Hardest of all was hearing Beethoven's Piano Sonata No. 8 in C minor, Op. 13 (Pathetique) and the third movement of Sonata No. 14 in C# minor ("Moonlight's" Presto Agitato) in brilliant, sparkling, precise glory. These are pieces of music that have been worn into my fingers over years and years of practice, sonatas I have come back to time and time again since my childhood, in some cases since elementary school when my tiny fingers could not yet physically span Beethoven's chords. My hands have stretched and reached and grown into them, loved them -- loved them, fueled by rage. When I learned these pieces, they became my punching bags, my outlet for storms of anger. In middle school, which I went through feeling like a bomb waiting to explode, it was the first movement of the Pathetique I thrashed my rage into; the second movement calmed me down again. The third movement of No. 14, which I never really mastered, felt like running; as a preteen hungering to bust out and learn things beyond what I felt I could do in my hometown, this piece -- this particular piece -- was the one thing that pushed at the boundaries of my mental and physical limits. To discover that my sonatas, soaked in sweat and storms of anger, foxholes of solace for over a decade -- were dull, muted, pale shades of what they could be with full hearing -- that shook me. It was like looking at your childhood best friend and realizing that you'd never really known them. That night, after everyone except Sebastian and myself had gone to bed, we sat on the couch and he held me as I sobbed for a long, long time.

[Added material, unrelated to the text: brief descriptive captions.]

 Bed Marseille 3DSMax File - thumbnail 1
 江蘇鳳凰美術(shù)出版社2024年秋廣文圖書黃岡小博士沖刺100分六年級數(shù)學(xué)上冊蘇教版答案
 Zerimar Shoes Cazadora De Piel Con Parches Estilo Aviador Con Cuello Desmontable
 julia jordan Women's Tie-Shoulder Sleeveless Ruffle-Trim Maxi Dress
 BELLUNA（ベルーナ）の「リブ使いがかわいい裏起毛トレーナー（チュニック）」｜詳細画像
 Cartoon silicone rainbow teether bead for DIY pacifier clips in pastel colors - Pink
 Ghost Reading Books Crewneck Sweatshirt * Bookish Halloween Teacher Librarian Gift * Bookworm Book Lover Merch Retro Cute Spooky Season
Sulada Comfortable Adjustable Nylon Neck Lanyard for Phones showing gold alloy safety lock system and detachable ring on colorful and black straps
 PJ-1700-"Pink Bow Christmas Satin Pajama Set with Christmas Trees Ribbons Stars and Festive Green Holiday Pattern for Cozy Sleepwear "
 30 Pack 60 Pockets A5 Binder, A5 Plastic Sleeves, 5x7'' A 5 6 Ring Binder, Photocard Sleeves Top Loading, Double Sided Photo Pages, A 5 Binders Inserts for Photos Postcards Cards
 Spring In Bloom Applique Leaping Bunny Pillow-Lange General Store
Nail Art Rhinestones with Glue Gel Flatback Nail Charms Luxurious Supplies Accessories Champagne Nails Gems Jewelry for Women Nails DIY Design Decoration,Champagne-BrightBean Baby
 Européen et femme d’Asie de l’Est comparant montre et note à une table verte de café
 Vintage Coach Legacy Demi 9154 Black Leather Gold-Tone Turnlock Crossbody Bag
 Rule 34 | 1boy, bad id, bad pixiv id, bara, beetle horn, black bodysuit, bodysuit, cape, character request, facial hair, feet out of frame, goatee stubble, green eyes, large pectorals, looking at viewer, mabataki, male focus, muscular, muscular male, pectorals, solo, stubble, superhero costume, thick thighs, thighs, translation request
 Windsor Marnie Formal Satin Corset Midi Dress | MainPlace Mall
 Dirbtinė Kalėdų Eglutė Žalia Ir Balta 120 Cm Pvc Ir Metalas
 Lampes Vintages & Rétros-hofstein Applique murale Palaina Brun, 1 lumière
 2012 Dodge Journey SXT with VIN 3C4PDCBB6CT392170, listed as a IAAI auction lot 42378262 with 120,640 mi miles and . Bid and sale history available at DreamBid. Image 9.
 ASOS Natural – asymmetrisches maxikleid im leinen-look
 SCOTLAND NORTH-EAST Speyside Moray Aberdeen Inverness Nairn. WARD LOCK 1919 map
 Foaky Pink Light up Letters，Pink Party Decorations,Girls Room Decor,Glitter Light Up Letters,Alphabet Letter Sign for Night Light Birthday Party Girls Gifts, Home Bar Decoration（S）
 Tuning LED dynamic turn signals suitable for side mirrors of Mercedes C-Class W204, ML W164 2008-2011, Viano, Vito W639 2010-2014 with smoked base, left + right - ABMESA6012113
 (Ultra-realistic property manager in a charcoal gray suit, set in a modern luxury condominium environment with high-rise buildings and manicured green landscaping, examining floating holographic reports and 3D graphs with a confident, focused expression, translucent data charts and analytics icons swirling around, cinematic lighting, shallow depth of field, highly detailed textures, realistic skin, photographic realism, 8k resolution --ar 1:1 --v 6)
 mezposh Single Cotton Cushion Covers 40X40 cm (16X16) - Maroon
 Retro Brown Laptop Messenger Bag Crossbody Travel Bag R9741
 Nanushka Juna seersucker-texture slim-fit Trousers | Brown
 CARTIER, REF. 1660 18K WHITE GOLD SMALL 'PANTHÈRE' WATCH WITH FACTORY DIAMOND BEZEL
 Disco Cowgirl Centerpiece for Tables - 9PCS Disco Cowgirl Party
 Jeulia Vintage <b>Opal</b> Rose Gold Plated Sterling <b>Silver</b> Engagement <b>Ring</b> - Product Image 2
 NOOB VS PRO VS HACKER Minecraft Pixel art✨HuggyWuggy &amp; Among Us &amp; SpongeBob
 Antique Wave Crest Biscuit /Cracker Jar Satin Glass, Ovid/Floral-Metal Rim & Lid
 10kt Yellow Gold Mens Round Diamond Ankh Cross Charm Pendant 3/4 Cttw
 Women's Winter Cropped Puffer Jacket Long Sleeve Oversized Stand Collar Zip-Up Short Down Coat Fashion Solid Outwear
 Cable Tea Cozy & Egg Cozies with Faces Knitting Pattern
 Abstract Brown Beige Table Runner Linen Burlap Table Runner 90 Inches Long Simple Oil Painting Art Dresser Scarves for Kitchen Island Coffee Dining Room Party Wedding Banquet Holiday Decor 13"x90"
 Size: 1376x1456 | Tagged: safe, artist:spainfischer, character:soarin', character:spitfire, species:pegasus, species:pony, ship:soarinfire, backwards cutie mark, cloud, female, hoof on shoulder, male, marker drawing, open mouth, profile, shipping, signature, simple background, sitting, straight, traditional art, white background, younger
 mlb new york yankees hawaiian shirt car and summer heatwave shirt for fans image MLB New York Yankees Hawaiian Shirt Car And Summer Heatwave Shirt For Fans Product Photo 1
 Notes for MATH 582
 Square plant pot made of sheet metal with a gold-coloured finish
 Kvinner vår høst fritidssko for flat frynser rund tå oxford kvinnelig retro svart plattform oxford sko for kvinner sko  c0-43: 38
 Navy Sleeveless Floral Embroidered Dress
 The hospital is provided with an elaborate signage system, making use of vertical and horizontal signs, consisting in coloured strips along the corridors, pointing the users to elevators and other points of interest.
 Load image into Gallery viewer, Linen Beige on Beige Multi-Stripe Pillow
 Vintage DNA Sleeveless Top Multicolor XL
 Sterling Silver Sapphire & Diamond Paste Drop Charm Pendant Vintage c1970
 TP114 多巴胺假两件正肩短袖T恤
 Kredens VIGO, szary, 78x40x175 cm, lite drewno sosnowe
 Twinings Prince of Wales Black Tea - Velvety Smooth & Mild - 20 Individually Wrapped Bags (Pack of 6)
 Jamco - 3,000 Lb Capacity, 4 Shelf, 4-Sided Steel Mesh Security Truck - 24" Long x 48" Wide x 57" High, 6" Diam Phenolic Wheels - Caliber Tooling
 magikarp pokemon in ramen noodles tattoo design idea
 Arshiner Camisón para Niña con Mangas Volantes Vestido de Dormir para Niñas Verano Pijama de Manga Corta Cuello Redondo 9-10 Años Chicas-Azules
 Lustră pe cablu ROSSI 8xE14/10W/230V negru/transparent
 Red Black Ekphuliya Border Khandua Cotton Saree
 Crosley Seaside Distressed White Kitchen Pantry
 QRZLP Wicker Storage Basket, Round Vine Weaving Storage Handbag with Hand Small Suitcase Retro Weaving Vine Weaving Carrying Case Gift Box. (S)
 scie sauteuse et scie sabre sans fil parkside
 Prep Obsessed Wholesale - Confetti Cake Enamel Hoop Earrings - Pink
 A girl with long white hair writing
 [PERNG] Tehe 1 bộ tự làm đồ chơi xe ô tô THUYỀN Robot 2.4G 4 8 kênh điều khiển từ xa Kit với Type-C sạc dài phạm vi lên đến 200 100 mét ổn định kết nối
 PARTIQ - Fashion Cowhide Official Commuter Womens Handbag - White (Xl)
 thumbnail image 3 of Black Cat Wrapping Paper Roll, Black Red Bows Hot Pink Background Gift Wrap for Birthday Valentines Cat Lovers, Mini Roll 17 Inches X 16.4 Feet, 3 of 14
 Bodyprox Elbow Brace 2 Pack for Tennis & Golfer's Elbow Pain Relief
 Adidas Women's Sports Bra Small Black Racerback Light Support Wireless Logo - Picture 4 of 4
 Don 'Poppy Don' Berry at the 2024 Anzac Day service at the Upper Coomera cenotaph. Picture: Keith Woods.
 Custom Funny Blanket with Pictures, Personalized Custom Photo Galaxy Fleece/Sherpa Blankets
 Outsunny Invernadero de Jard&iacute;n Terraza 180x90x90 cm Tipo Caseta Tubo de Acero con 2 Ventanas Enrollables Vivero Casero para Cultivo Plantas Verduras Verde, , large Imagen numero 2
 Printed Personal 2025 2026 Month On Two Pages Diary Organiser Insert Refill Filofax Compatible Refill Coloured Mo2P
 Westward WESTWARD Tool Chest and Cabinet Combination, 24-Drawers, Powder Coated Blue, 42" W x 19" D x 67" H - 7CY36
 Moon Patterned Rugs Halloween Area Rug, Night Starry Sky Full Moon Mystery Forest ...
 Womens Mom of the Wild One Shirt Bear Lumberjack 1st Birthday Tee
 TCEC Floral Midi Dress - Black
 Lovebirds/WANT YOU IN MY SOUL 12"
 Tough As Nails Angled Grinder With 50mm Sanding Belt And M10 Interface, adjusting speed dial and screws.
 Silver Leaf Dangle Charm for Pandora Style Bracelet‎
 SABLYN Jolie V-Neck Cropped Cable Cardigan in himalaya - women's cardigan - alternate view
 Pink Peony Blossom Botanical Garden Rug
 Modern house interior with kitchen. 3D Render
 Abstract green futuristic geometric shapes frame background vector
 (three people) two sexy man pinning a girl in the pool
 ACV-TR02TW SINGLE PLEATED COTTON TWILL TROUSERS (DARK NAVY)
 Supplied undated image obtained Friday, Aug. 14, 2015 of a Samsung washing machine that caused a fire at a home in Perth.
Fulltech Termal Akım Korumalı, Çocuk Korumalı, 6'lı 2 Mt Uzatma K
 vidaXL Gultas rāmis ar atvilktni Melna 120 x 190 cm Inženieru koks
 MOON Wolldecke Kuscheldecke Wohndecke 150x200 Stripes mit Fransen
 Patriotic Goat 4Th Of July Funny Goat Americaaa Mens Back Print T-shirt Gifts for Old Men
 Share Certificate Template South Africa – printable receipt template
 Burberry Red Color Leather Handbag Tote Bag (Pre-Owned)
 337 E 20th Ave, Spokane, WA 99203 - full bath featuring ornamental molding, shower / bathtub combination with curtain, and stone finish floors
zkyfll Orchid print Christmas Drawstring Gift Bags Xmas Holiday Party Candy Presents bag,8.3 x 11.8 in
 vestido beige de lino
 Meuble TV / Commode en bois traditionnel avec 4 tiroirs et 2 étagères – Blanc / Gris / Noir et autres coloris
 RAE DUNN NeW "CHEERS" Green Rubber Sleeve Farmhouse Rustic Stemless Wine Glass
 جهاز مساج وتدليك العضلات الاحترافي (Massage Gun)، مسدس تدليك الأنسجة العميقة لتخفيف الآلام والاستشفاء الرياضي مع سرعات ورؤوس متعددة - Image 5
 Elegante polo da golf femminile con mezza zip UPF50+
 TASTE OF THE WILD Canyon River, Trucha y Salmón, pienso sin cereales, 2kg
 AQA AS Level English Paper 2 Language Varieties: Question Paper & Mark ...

It's much, much easier to not know what you've missed, not know what you are missing, especially if it's likely that you'll always, always miss it. But I resolved a long time ago to choose awareness over absence of pain, and while I falter often on that resolution, it's still something I strive for; the falterings usually happen along the way to picking myself up repeatedly and trying to be brave enough again, again, again.
One of the things I hope to be able to do in dancing at some point is to move through music that makes me feel, try to express some of those emotions with my body. It is strange, having feelings, allowing them to exist. I don't know what to do with them. I need to move more muscles to get them unstuck, let them out. I need those muscles to be strong enough, flexible, able to catch themselves; I need to know my body's ready for me to trust it. With dancing, with music, with writing, with anything -- it is the discipline that gives you the power to be free. It's why I work so hard. It's why I'm so damn tired; I want more freedom in my life, so I push and push -- and it is worth it, being able to have those moments when things work. How much farther can I keep on going? How much can I improve the way I train myself?
A friend sent me photographs of spontaneous joy this morning. One goal of mine is to have more unguarded moments when I allow myself to be that way. This is surprisingly difficult. One reason I decided to keep my studio apartment instead of moving into a cheaper place with friends is that it's liberating to have a space where I can play with scary things -- emotions, moving, pouring Bach-Busoni through my speakers and rolling out on the floor and noticing what happens as the piano swells itself into an organ and comes down, sheet upon sheet of sound, through me.
More music. Good music. Feed it to me now -- classical, contemporary, anything. Music that comes through and makes you feel. What should I hear?